▶ [Task statement] Return the following from the records below: each line, word for word, starting with the line that contains "Oude en jonge" and going on through the line that contains "Cambaceres volverá a", with nothing outside that range.

Records contained in a dataset
##########
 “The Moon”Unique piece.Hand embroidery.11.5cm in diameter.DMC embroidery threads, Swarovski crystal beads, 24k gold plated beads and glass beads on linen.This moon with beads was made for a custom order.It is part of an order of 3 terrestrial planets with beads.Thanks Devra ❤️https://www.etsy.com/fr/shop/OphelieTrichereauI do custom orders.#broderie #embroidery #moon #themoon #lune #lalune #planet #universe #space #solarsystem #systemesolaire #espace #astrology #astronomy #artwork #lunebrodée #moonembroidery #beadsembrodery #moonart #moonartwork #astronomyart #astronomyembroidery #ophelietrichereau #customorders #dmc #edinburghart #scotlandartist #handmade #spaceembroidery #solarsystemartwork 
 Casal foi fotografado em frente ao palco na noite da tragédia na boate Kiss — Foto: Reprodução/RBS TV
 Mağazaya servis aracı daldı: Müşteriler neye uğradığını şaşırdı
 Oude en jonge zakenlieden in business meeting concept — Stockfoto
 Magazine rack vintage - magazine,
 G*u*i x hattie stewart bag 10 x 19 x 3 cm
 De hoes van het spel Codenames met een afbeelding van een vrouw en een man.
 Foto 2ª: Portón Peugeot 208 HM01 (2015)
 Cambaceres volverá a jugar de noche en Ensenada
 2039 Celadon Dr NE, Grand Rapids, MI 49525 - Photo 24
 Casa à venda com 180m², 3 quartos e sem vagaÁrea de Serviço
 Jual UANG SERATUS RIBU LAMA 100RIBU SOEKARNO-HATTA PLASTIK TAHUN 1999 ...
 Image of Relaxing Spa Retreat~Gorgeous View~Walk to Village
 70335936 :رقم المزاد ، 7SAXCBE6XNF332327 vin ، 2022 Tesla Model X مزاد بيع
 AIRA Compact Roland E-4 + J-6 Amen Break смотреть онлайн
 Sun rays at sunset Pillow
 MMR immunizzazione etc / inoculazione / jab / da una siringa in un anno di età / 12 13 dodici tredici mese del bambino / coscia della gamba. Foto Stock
##########
▶ [Your response]
 Oude en jonge zakenlieden in business meeting concept — Stockfoto
 Magazine rack vintage - magazine,
 G*u*i x hattie stewart bag 10 x 19 x 3 cm
 De hoes van het spel Codenames met een afbeelding van een vrouw en een man.
 Foto 2ª: Portón Peugeot 208 HM01 (2015)
 Cambaceres volverá a jugar de noche en Ensenada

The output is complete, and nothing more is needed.